A Conservative senator wants voters to decide whether to put Canada's sleepy upper chamber into permanent repose.
Senator Hugh Segal — who could be doing himself out of a job if people say yes — says he believes in the value of the Senate, but its legitimacy as a non-elected body is dubious.
Mr. Segal, a former chief of staff to Brian Mulroney, says he wants a debate and a referendum on the Senate's future.
“We've had 17 efforts at reforming the Senate since 1900,” he said. “All of them have failed.
“The legitimacy of the place is under attack on a pretty regular basis.”
Mr. Segal says he'd personally vote against abolition because he feels the Senate offers regional and provincial interests and can be a check on poorly drafted laws rushed through the Commons.
Senate reform seems a never ending saga, everyone has an opinion, solutions are piecemeal. A national referendum would end the debate once and for all. If Canadians chose to keep the Senate, then it could get on with business, without the constant distraction of legitimacy and power struggles. If Canadians chose to abolish the Senate, then the irritant is removed and the landscape is clear. Either way, there is clarity, a solution.

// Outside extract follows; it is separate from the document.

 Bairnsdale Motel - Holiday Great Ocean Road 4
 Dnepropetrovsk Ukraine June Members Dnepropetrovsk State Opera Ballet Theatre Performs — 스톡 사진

I suppose any referendum would have to include a dreaded third option, that of Senate reform. The only way this question could be included is if it was clearly defined, otherwise we would just re-enter the malaise. That fact demands a great deal of consultation on what reform would be offered. Given that we have had many attempts at reform, it is hard to see a consensus on the question that would satisfy the various interests and regions. The third option might be a non-starter, because it really speaks to the problem in the first place.
Therefore, I would favor two options at this point, abolish or maintain, which might not be satisfactory to large segments of the population. Come to think of it, this whole discussion of a referendum on the Senate is so inherently problematic, it makes the whole idea wishful thinking at best. In the end, there would be no clarity, just latent acrimony and divisions. Nevermind.